Monday, Sep. 16, 1946
Cowboy Comeback
Naked children scuttled to cover behind mud huts. Startled vultures lurched up from the roadway. Down the muddy roads of Venezuela's back country roared a ten-ton Fruehauf truck-trailer. Loaded with chilled beef from the Government's new slaughterhouse at inland Calabozo, it was bound on a twelve-hour haul to the meat-hungry markets of Caracas.
The trucks (20 more followed the first), the road (passable except in floods), and the fancy new slaughterhouse and refrigeration plant were part of the Government's plan to put the once cattle-rich llanos (plains) back on the map.
While the rest of Venezuela battened on oil, the cattlemen struggled with the legacy of civil wars, a virulent malaria known as la fiebre economica (Venezuelans quip that if it hits in the morning, your only expense is a coffin at night) and the 27-year exploitation of Dictator-President Juan Vicente Gomez. Their worst headache: the senseless three-to-four-week trek to Gomez's slaughterhouse near the coast (over 20% of the cattle's weight was lost on the way).
But the junta that took power in last October's democratic revolution meant to do something to improve Venezuela's food supply. The junta handed the problem to dynamic ex-advertising man Mario Garcia Arocha, president of the Government Supply Commission. By last week Arocha's plans were getting results.

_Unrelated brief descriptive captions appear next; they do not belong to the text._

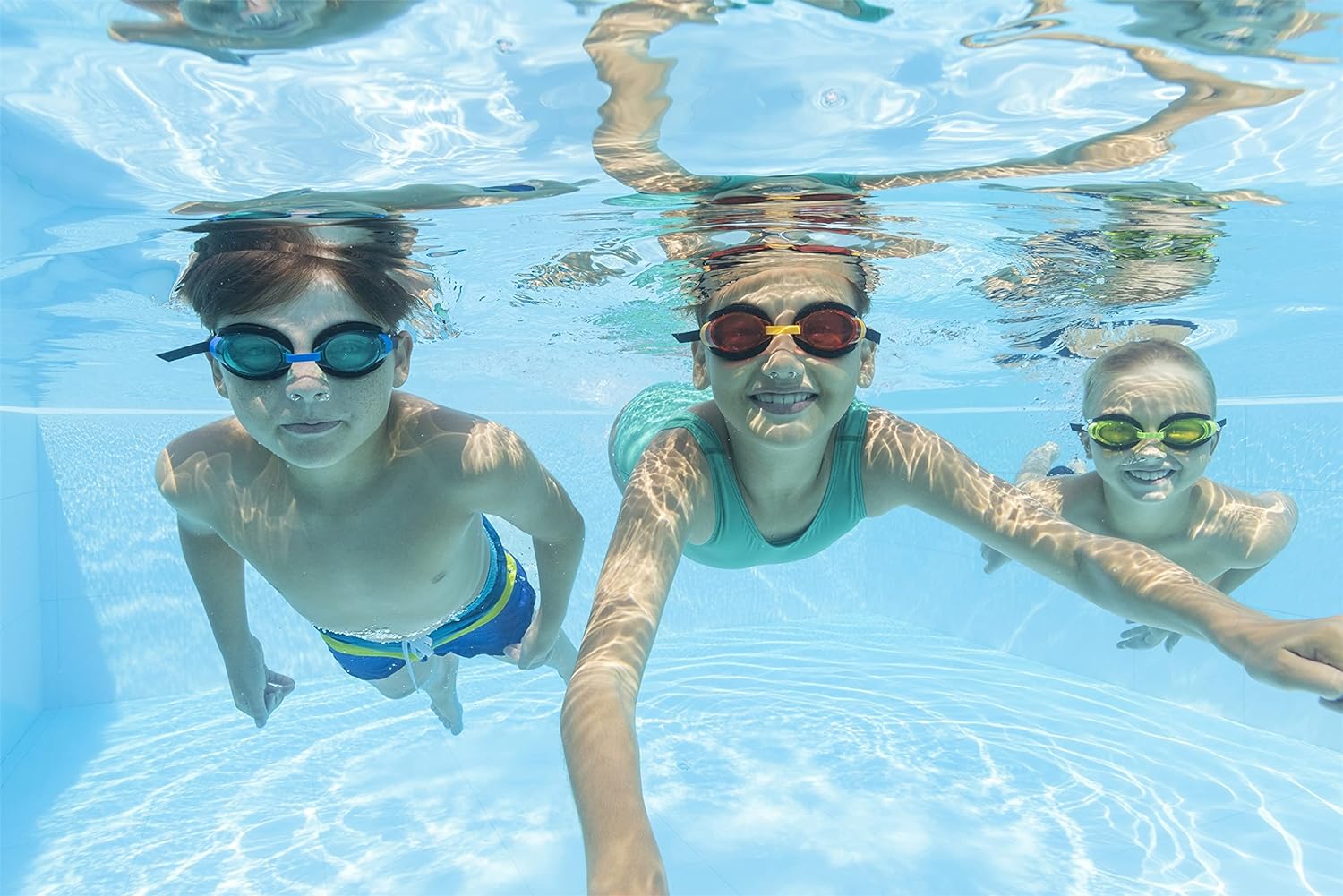Bestway Aqua Burst Essential II Focus Goggles 21005/24 - Image 8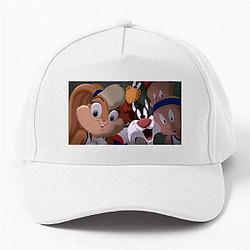 Space Jam The World Is My Game Space Jam Hats & Caps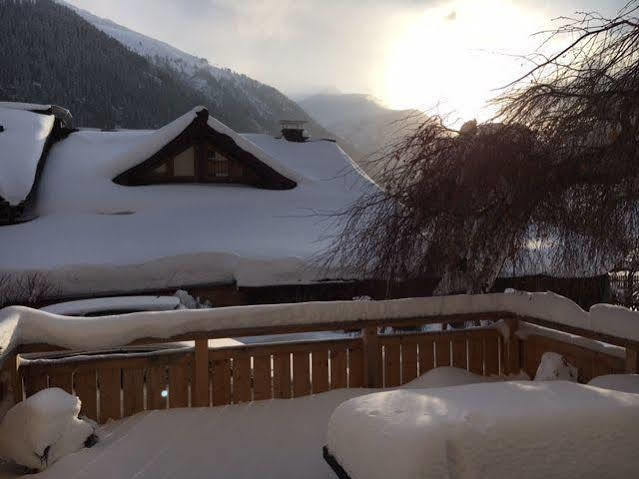 Doff-Sotta Appartements Sankt Anton am Arlberg Exterior photo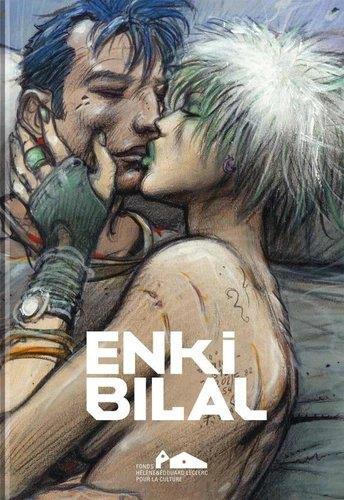Enki Bilal. Textes en français et anglais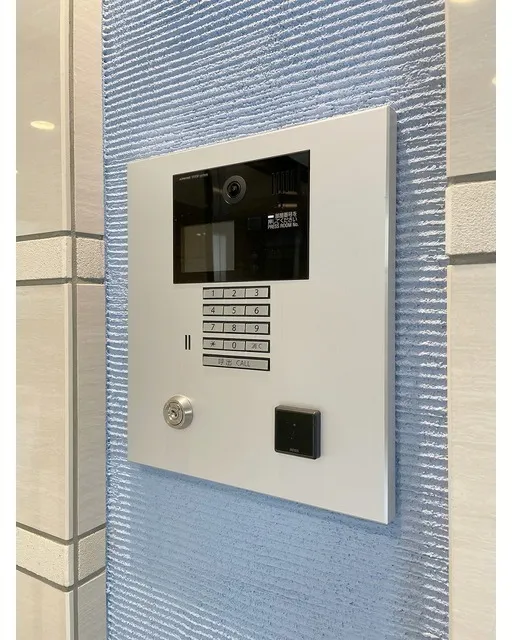 Baus Stage Takadanobaba - Other - ["Technology", "Intercom", "Home Security"]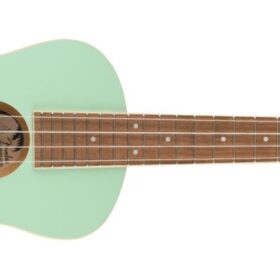 Fender Tenor Ukelele Seafoam Green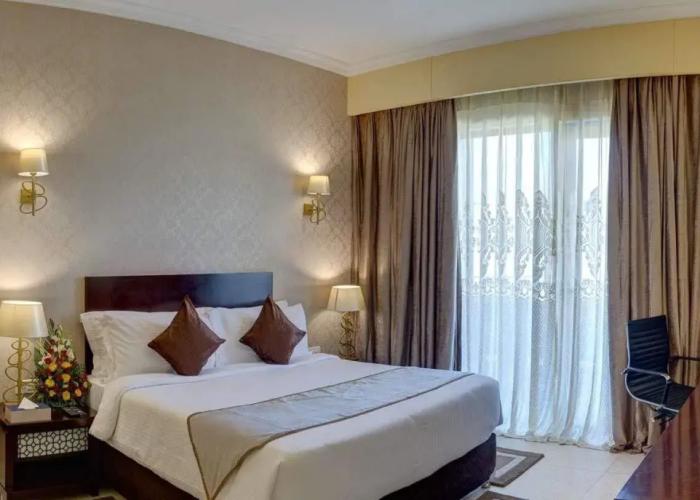 Raajsa Kumbhalgarh - IHCL SeleQtions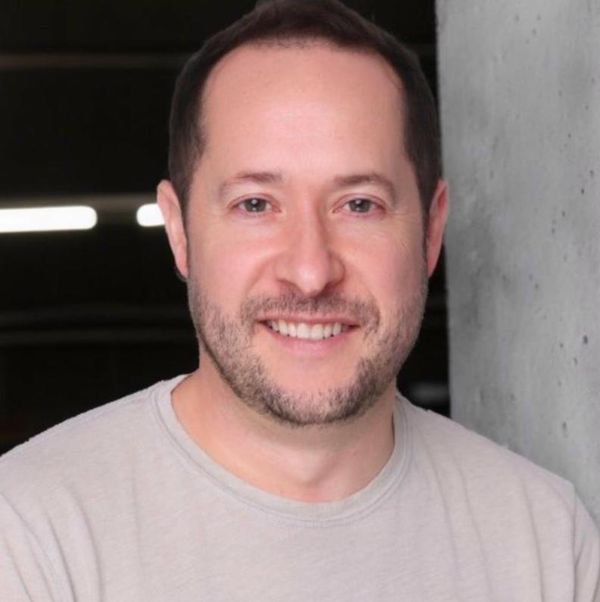 Portrait of James Slezak, co-founder and CEO of Swayable
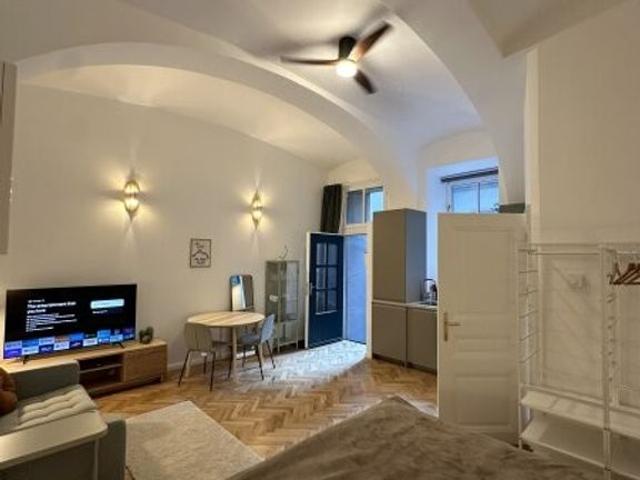 Luxus Apartment mit 1 Zimmer zu vermieten in Wien, Österreich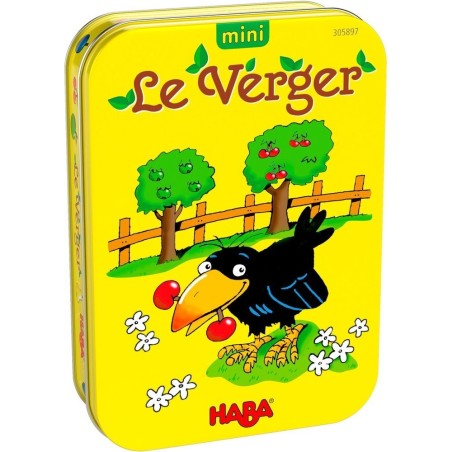 Mini-Le Verger - Jeux de société - Haba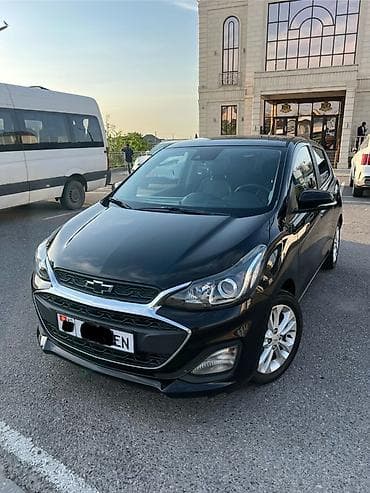 знаки пдд: Chevrolet Spark: 2019 г., Автомат, Бензин, Хэтчбэк — 1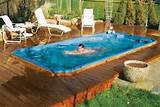 Pictures of Exercise Pool Spa
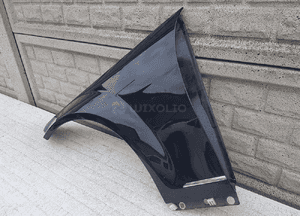 Mercedes c klasa W204 07-14 błotnik przedni lewy 2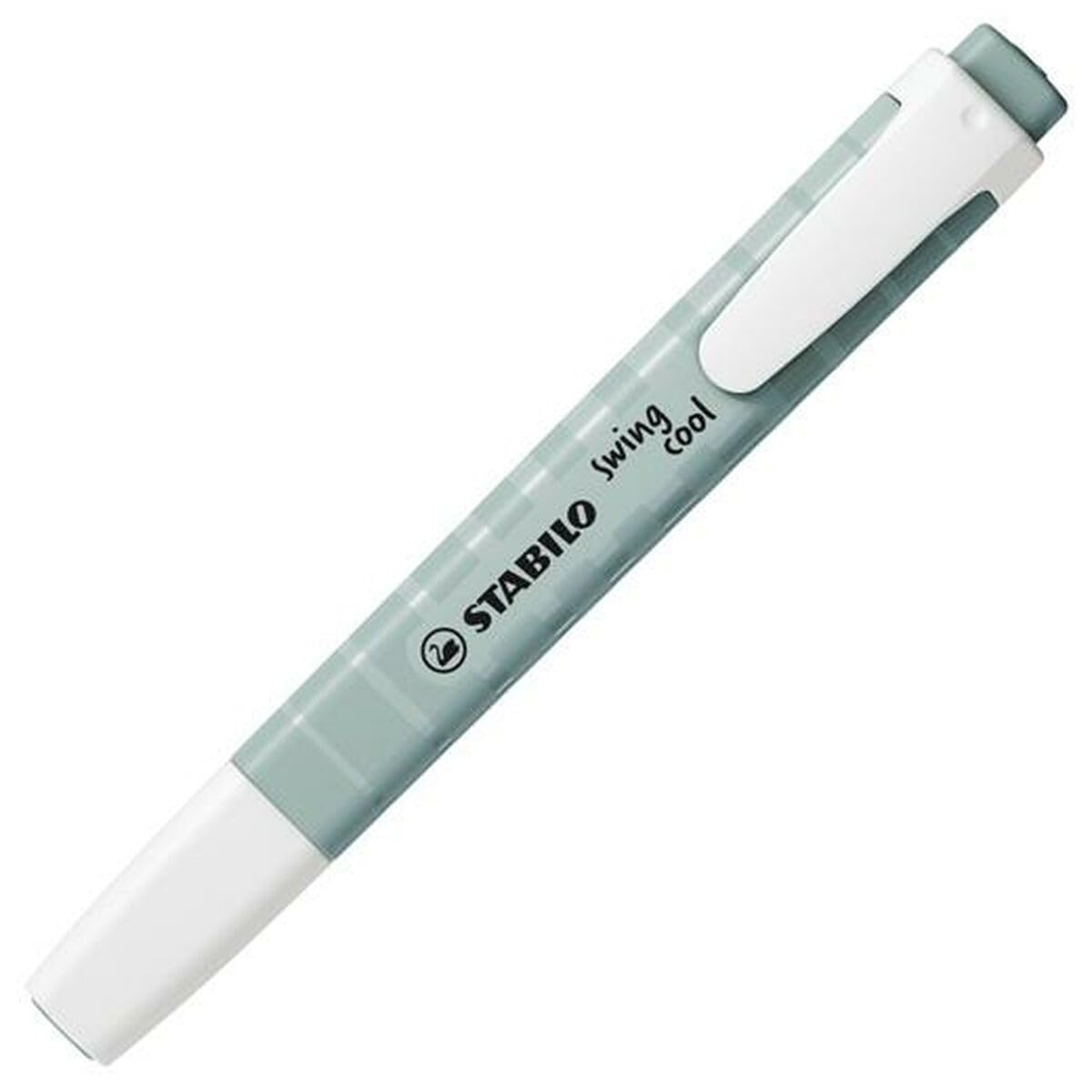 STABILO swing cool NatureCOLORS Markeerstift - Aarde Groen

Besides Fruehaufs highballing twice daily to Calabozo, Arocha had ten white-painted DC-3s flying chilled beef to the capital from distant llano towns like Ciudad Bolivar, on the Orinoco, and San Fernando de Apure. This week work was expected to start on another slaughterhouse at Barinas. Already caraquenos found llano meat in the markets at 27-c- a Ib. Last spring they had paid three times as much.
Plans v. Oil. The Government had a whole drawerful of plans for the llaneros: credit and technicians for 500 new ranches, fences, anti-tick baths, selected forage, blooded bulls, housing and plenty of roads. President Romulo Betancourt was well aware that the oil industry, with its $8-a-day wages, was advancing from the great coastal fields into the llanos. He wanted to keep the cowboy in the saddle.
Peons on Tractors. The cowboy was not the only Venezuelan countryman to get Government help. Determined to share the country's million-barrel-a-day oil wealth as widely as possible, President Betancourt pressed schemes for gradual land redistribution, a $6,000,000 irrigation program, and 148 new rural schools. To shore up food production and boost rural living standards (most Venezuelan peons get about 1,200 calories a day), he pinned his hopes on mechanization. The U.S. State Department backed this program by putting Venezuela high on the Latin delivery list, right after Mexico and Brazil. This week a four-man commission prepared to leave for the U.S. to buy $120,000.000 worth of farm and industrial machinery. With the hemisphere's tidiest budget surplus, Venezuela would pay cash.